Paulo Francis/Campo Grande News

Vera Lucia Rossate da Cunha, de 59 anos, foi morta a tiros na tarde desta quarta-feira (16), dentro do próprio comércio, uma loja de aviamentos na rua Sagarana, no bairro Zé Pereira, região oeste de Campo Grande. Conforme informações preliminares, o autor é irmão da vítima e tirou a própria vida logo após cometer o feminicídio.

O Corpo de Bombeiros e a Polícia Militar foram acionados, mas Vera não resistiu e morreu no local. Equipes da Deam (Delegacia Especializada de Atendimento à Mulher) também seguiram para o endereço para iniciar as primeiras diligências. A dinâmica do crime e a motivação ainda serão apuradas pela Polícia Civil.

O Corpo de Bombeiros Militar chegou ao local e as vítimas já estavam mortas. Um dos vizinhos ouviu os disparos e reconheceu o autor como irmão da vítima.

Uma amiga da vítima, Laura Leite da Silva, de 60 anos, contou à reportagem que a conhecia há mais de 20 anos. “Ela sempre morou aqui no bairro, trabalhava em um banco e depois abriu o próprio negócio. Nós conversávamos praticamente todos os dias”, detalhou emocionada.

Ainda segundo Laura, hoje mesmo a vítima mandou mensagem à amiga, sobre uns produtos que ela queria encomendar. “Mês passado eu estive aqui, a gente conversou, estava tudo de boa. Ela estava feliz por ter me visto, porque eu estava me recuperando de um câncer”, contou.


Já vinha sendo ameaçada

Vera Lúcia já vinha demonstrando preocupação com o irmão, Judicrei Rossate da Cunha, de 57 anos. Segundo uma amiga, a vítima havia providenciado a internação dele para tratar o vício em drogas e, após receber alta recentemente, ele passou a fazer ameaças por telefone.
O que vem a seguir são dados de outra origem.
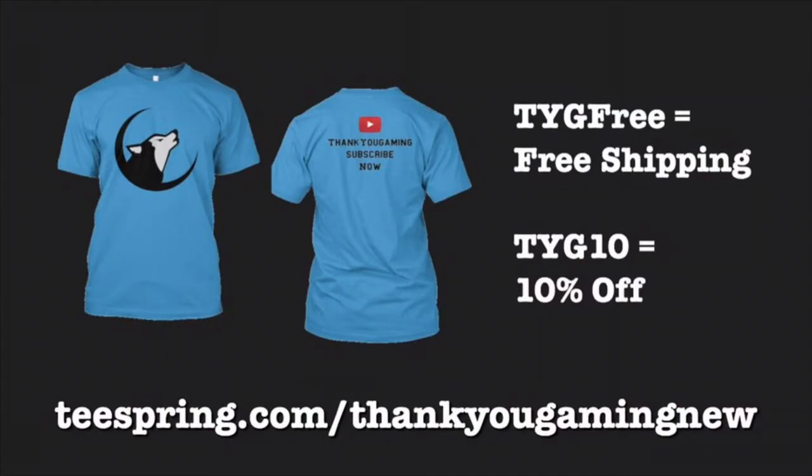Once again, thank you for stopping by. Head over to teespring.com/thankyougamingu to check out our new collection of TYG shirts. If you go now and put in TYG FREE, you get free shipping, or put TYG10 to save 10% off. Support us — I hope you enjoyed the shirts, and for more options, stay tuned. Deuces!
Também amiga de Vera, Liane Kublik, de 56 anos, disse que conversou com a vítima na semana passada e percebeu que ela estava tensa por causa do comportamento do irmão. Vera teria relatado que Judicrei estava “bravo no telefone” e fazendo ameaças, mas, naquele momento, não acreditava que ele pudesse chegar a cometer o crime.
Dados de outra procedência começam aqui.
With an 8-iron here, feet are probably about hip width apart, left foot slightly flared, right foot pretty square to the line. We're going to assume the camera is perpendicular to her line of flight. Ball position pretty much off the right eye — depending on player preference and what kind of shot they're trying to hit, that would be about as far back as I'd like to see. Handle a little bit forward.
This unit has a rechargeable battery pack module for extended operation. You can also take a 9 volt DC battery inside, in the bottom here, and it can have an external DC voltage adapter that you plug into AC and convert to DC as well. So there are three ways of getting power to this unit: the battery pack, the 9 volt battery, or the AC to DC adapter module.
“Ele era usuário de drogas, ela estava ajudando ele. Tanto que eu falei para ela quando ele saiu. Perguntei se ele estava bem, semana passada. Ela disse que ele estava bem, mas estava com aquelas atitudes de ameaçar, bravo no telefone. A princípio ela não achou que ele ia fazer nada”, contou Liane.

Reprodução/Redes Sociais

Vera Lucia Rossate da Cunha, de 59 anos, já vinha sendo ameaçada pelo irmãoAinda conforme a amiga, Vera passou a ficar mais apreensiva nos últimos dias. Ela chegou a pedir aos vizinhos que a avisassem caso Judicrei aparecesse na região.

“Desde sexta-feira ela estava bem tensa. Eu não entendi. Ontem foi aniversário do meu neném, ela mandou presente, mas estava tensa. Talvez, no subconsciente dela, estava prevendo”, relatou.
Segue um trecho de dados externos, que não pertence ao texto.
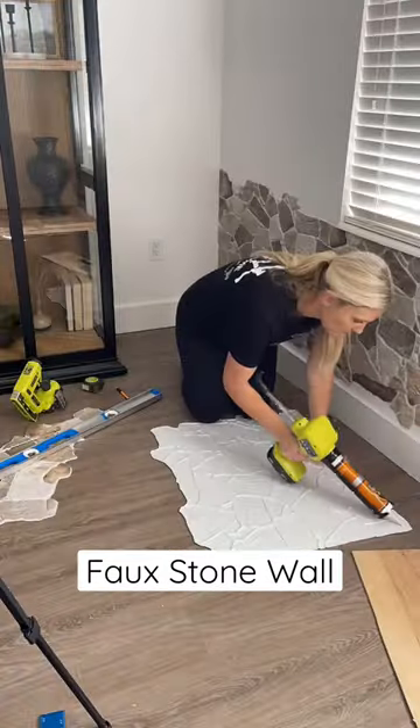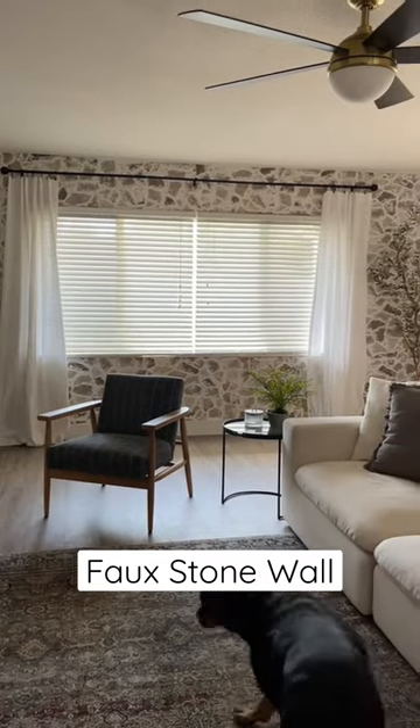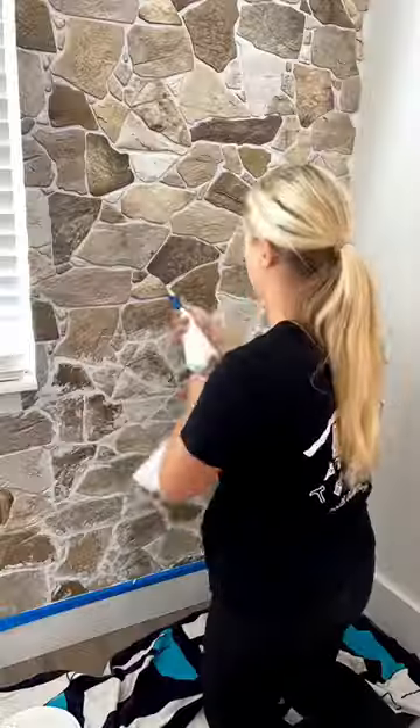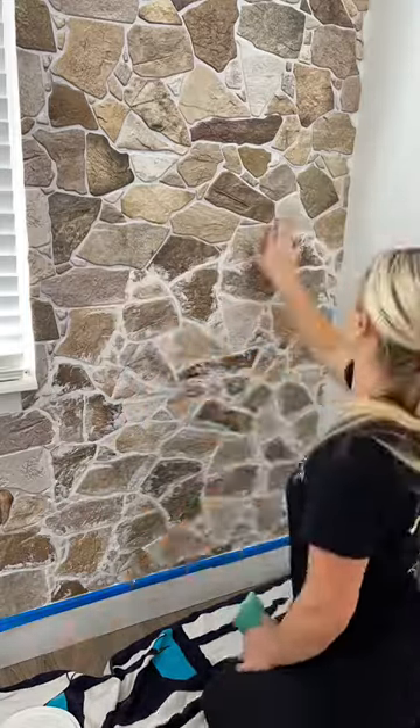I used these fake stone panels to do a cottage style accent wall in our living room, and that was about six months ago, so I wanted to give you guys an update. When I did it, I used joint compound all over the fake panels to give it a more natural look.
Liane disse ainda que Vera havia acompanhado de perto o tratamento do irmão e que Judicrei tinha histórico de uso de drogas havia cerca de 10 ou 15 anos. Ele não morava com a vítima e, segundo a amiga, também não costumava visitá-la.

“Não faz muito tempo que ele saiu. Ela levou e buscou ele lá”, contou Liane, referindo-se à internação.

26 casos no ano em MS

A morte de Vera é o 26º caso de feminicídio registrado neste ano em Mato Grosso do Sul. O caso anterior no Estado, foi o de Adriele dos Santos, de 34 anos, morta em 29 de agosto, em Campo Grande. O suspeito, Aparecido de Souza Doirado, foi preso no mesmo dia.